Can’t help feeling a take on the current stalemate is being missed.

(I’m a strong remainer, and see continuing with #Brexit as a damage-limitation / opportunity-maximisation exercise. Referenda? Don’t get me started. But rather than be that bystander wanting to start from somewhere else, surely the best route out of this mess is obvious:)

That is, obviously we have no real knowledge of the actual quality of negotiation dialogues between UK and EU teams, it would be mad to expect the public reporting to reflect to reality or totality of what’s going on – that’s the nature of any negotiation.

The question of whose court the ball is in is irrelevant too, as is the idea that “no deal” is some take-it-or-leave-it walk-away option. So, how about this:

Whatever the content of the proposals (offers) we’ve made so far to the EU, there will ALWAYS be the devil in more detail not yet tabled explicitly. All we need to know is if the EU rejects or disagrees with anything – at the level of detail – we’ve so far proposed. “No comment” is no disagreement; “Ah, but what about detail xyz” is no disagreement. The ball is always in our court unless we receive counter proposals.
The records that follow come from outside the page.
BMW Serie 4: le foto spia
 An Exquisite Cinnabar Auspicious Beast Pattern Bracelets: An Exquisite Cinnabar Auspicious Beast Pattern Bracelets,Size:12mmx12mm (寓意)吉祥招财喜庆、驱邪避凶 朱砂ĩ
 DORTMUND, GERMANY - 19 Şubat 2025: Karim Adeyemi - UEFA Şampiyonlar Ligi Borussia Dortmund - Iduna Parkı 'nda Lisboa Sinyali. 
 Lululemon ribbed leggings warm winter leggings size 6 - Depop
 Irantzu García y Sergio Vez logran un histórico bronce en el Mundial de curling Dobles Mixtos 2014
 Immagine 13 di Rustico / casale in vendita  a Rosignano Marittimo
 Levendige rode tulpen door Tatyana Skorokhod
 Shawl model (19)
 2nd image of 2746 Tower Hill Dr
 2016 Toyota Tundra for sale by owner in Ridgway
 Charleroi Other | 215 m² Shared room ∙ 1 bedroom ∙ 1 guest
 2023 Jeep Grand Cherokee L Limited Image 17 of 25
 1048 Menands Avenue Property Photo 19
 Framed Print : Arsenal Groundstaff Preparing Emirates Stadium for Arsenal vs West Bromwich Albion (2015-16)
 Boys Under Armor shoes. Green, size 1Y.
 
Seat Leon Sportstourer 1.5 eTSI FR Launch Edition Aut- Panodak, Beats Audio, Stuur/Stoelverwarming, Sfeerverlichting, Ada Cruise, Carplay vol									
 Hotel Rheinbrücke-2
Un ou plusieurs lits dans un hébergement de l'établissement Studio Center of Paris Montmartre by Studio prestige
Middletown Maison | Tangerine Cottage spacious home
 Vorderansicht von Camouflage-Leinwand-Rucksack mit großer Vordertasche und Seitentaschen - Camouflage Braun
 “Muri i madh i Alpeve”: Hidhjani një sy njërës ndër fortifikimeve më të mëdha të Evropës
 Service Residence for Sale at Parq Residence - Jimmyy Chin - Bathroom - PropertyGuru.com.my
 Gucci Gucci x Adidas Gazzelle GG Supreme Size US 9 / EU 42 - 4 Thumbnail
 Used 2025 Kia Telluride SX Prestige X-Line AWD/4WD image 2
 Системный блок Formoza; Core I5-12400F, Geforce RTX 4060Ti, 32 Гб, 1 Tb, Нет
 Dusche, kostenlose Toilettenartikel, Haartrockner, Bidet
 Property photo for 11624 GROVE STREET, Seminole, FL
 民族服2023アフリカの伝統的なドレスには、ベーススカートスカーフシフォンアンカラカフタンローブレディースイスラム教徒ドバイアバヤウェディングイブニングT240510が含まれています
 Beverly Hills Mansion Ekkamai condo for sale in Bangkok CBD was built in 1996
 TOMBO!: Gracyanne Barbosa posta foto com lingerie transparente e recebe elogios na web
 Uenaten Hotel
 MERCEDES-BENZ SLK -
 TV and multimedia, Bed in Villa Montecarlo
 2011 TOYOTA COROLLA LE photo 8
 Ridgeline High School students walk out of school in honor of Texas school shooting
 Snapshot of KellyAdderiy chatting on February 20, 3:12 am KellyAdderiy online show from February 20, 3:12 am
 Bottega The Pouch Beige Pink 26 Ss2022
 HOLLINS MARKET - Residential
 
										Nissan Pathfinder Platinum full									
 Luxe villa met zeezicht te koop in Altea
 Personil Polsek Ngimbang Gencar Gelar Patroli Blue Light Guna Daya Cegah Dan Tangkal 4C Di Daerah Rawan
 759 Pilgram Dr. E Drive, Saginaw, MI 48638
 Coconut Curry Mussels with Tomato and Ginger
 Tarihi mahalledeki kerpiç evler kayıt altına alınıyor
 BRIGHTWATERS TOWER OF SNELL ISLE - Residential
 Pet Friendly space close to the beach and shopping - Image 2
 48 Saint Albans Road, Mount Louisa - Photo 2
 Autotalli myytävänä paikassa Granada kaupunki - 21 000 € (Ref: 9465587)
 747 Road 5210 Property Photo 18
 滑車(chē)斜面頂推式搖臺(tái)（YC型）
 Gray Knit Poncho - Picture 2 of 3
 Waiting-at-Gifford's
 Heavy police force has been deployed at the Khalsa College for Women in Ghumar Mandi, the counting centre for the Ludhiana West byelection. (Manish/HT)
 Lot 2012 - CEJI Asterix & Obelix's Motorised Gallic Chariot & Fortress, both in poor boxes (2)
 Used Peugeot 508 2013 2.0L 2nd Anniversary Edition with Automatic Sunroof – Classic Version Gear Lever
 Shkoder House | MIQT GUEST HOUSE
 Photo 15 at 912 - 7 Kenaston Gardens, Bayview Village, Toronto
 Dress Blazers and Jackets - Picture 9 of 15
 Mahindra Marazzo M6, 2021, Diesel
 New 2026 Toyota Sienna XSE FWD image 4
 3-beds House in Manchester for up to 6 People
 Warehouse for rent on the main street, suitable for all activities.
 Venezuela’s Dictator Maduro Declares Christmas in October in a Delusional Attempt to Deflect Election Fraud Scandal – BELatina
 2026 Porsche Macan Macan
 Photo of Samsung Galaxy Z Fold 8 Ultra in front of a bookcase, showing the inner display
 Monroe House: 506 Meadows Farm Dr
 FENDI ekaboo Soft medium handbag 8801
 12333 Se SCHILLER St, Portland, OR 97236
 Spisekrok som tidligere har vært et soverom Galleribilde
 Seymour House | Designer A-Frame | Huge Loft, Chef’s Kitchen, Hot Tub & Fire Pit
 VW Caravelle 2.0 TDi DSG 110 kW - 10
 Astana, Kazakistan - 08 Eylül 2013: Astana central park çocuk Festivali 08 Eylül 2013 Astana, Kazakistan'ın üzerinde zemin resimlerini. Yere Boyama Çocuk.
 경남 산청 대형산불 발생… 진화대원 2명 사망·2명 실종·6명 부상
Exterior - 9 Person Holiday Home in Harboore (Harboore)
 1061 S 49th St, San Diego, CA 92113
Pretty sure all the existing agreements we need to honour or change – content and financial – will be the problem of many separate UK institutions and organisations, not just central government and its ministries. That’s where the detail will be resolved. The less detail agreed by the central UK team the better surely? Even the legal standards and court-jurisdiction stuff.

Obviously – as I’ve said since Cameron first announced the mad idea – the whole thing has always been a waste of time and effort and risk to good-will and good-order, but the worst use of that effort would be to have a central team attempt to commit to badly negotiated details on a 52/48 mandate.